Penso che nei prossimi secoli l’anno 1989 non si ricorderá per la caduta del famoso muro, ma perché un altro grande navigatore - l’inglese Tim Berners Lee - costruí in quell’anno il linguaggio HTTP, che consentí le prime comunicazioni per internet. Timothy, com’é meglio noto tra gli amici, é considerato il padre della WWW, che - se non lo sapete - vuol dire Word Wide Web, la “grande ragnatela mondiale”. É stato proprio lui ad aprire le infinite rotte per navigare in Internet.

A lui dobbiamo il fatto di poterci comunicare in tempo reale con il mondo e navigare nelle pagine che offre la web. Questo fatto mi ricorda un tecnico della RAI che conobbi a metá degli anni ’90. Fu il primo fanatico, che ricordo, di Internet e della WWW e mi disse con convinzione: “Nel futuro anche la patria sará virtuale”. La presi come l’affermazione di un matto: oggi riconosco che il matto aveva giá capito quale sarebbe stata la presenza di Internet nel mondo. Infatti la Patria come la intendevamo una volta - la nazione, l’inno e le storie di guerrieri - continua ad essere quella di prima; ma se per Patria intendiamo la nostra cultura, i nostri gusti, i rapporti con gli altri, il modo di vivere e di valutare il bene e il male, allora la Patria non é piú la nazione, ma é il mondo.

Viviamo in una patria globale, perché internet ci ha consentito di navigare verso dimensioni prima sconosciute, passando dalle ristrette dimensioni localiste agli spazi globali.
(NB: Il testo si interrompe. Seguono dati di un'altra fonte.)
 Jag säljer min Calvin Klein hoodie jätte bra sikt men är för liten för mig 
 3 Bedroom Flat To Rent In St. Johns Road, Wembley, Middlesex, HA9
Nel 1989 piú che il muro di Berlino, é caduto il muro delle dimensioni locali: abbiamo - grazie ad Internet - acquistato l’ubiquitá necessaria per alternare in frazioni di tempo, qualsiasi spazio del globo: parliamo con un amico nella nostra cittá e pochi minuti dopo siamo in Europa per collegarci con un parente, e ancora frazioni di tempo e siamo negli Stati Uniti o in Brasile per partecipare in una lezione di postgrado o semplicemente comprare un pezzo di ricambio dell’automobile.
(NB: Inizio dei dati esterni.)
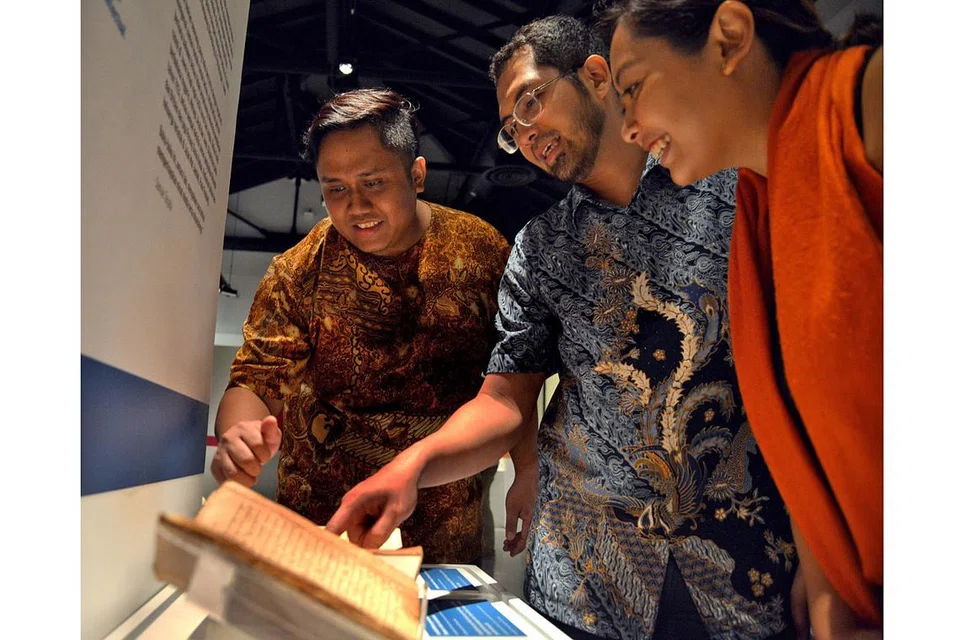 PENERUS WARISAN JAWA: (Dari kiri) Encik Fezan Redwan, Encik Haider Sahle dan Cik Suhaili Osman sedang menerangkan tentang naskhah buku Jawa lama dalam tulisan Hanacaraka. - Foto-foto SHAKIR SAIFUDDIN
A volte rifletto se Internet é un bene o un male. Vedo i giovani che aprono ogni volta meno libri, ma che sanno un po’ di tutto e di tutti. Gli spazi della WWW ci permettono sapere ogni cosa, anche se poi dimentichiamo rapidamente quelle conoscenze che non hanno avuto tempo di attecchire alla nostra mente. Internet ci permette di capire che in teoria possiamo accedere a tutto (informazioni, prodotti, servizi, etc.), ma allo stesso tempo conferma le nostre limitazioni e quindi crea motivi diversi di frustrazione. Penso che Internet e le tecnologie piú straordinarie a cui ha dato origine (algoritmi, software, intelligenza artificiale, etc.) sono ambivalenti.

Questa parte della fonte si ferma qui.